Aquella tarde, ella era como una copa rebosante de vino celestial, especiado con lo amargo y lo dulce de la vida.
Seguí mirandola, y escuchando los gritos de su espíritu deprimido, y sufriendo junto con ella, hasta que sentí que el tiempo se había detenido, y que el universo había vuelto a la nada. Lo único que podía yo ver eran sus grandes ojos que me miraban fijamente, y lo único que podía sentir era su fría, temblorosa mano, que apretaba la mía.
"Y ahora, amado mío, ¿qué haremos? ¿Cómo nos separaremos, y cuándo volveremos a encontrarnos? ¿Hemos de considerar que el amor fue un visitante extranjero, que llegó en la noche y nos abandonó por la mañana? ¿O supondremos que este cariño fue un sueño que llegó a nosotros mientras dormíamos, y que se marchó cuando despertamos?
Alza el rostro y mírame, bien amado; abre la boca y déjame oír tu voz. ¡Háblame! ¿Te acordarás de mí después de que esta tempestad haya hundido el barco de nuestro amor? ¿Oirás el susurro de mis alas en el silencio de la noche? ¿Oirás mi espíritu vagando y aleteando en torno a ti? ¿Escucharás mis suspiros? ¿Verás mi sombra aproximarse a ti con las sombras del anochecer, y verás que luego se desvanece con el resplandor de la aurora? Dime, amado mío, ¿qué serás después de haber sido un mágico rayo de luz para mis ojos, una dulce canción para mis oídos, y unas alas para mi alma? ¿Qué serás después?
Al oír estas palabras, sentí que mi corazón se deshacía. -Seré lo que tú quieras que sea, amada mía - le contesté. -Quiero que me sigas amando como ama un poeta sus melancólicos pensamientos -me dijo ella a continuación. Quiero que me recuerdes como un viajero recuerda el quieto estanque en que se reflejó su imagen, al saciar la sed en cristalinas aguas.

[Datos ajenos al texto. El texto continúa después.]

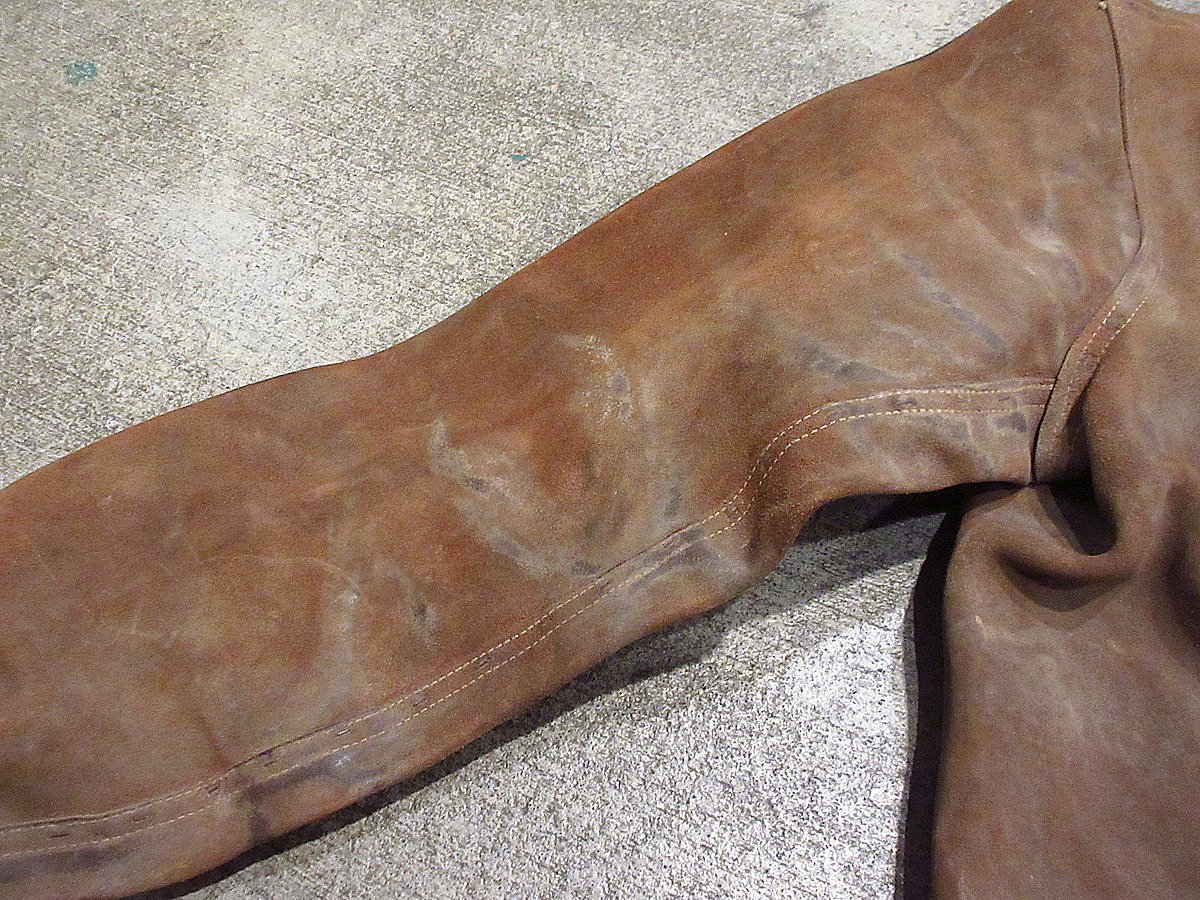 ビンテージ~60's○スウェードウェルディングジャケット茶○240207i2-m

-Haré todo lo que me has dicho -le contesté-, y haré de mi alma un abrigo para tu alma, y de mi corazón una residencia para tu belleza, y de mi pecho una tumba para tus penas.

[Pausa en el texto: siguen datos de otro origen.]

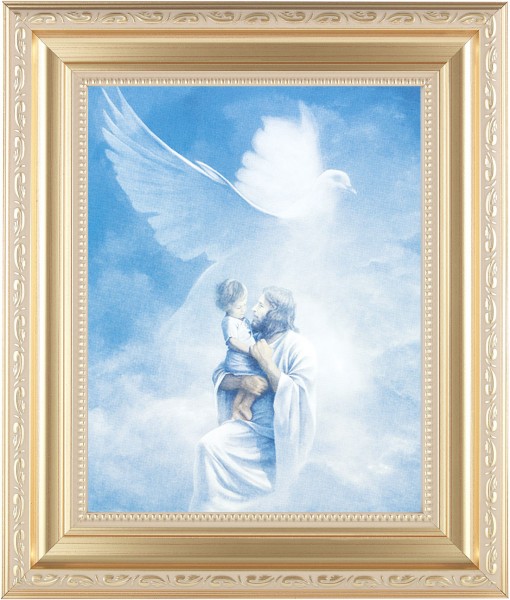 Jesus Holding Child In Heaven 8x10 Framed Print Under Glass - #138 Frame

Te amaré, como las praderas aman a la primavera, y viviré en ti la vida de una flor bajo los rayos del sol.
-Pero mañana, la verdad será fantasmal, y el despertar será como un sueño -¿Acaso un amante estará satisfecho con abrazar a un fantasma, o acaso un hombre sediento saciará la sed con el manantial de un sueño?

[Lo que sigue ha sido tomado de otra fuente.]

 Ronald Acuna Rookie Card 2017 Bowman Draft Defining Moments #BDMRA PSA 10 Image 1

Todas estas palabras salieron de lo profundo de mi corazón, como llamas que salen, ávidas, de una fogata para luego desaparecer, convertidas en cenizas. Ella lloraba, como si sus ojos fueran labios que me contestaran con lágrimas.
Hubo un gran silencio. Ella miró hacia abajo, pálida y cansada; sus brazos cayeron, y su cabeza se inclinó, y me pareció como si una tempestad hubiera roto la rama de un árbol, y la hubiera arrojado al suelo, seca y muerta.
Le tomé la fría mano y se la besé, pero cuando traté de consolarla, era yo el que necesitaba más consuelo. Guardé silencio, pensando en nuestro dolor y escuchando los latidos de mi corazón. Ni ella ni yo dijimos nada más.
Ninguno quería escuchar al otro, porque las fibras de nuestros corazones se habían debilitado, y sentíamos que hasta un suspiro podría romperlas.
Nos pusimos en pie y nos dijimos adiós, pero el amor y la desesperación estaban entre nosotros como dos fantasmas, uno de ellos extendiendo sus alas, con los dedos en nuestras gargantas, el otro; llorando, aclamaba:
-¡Oh Dios, ten piedad de mí, y cura mis alas rotas!

Tu voz no debe sofocarse, porque da vida a mi corazón.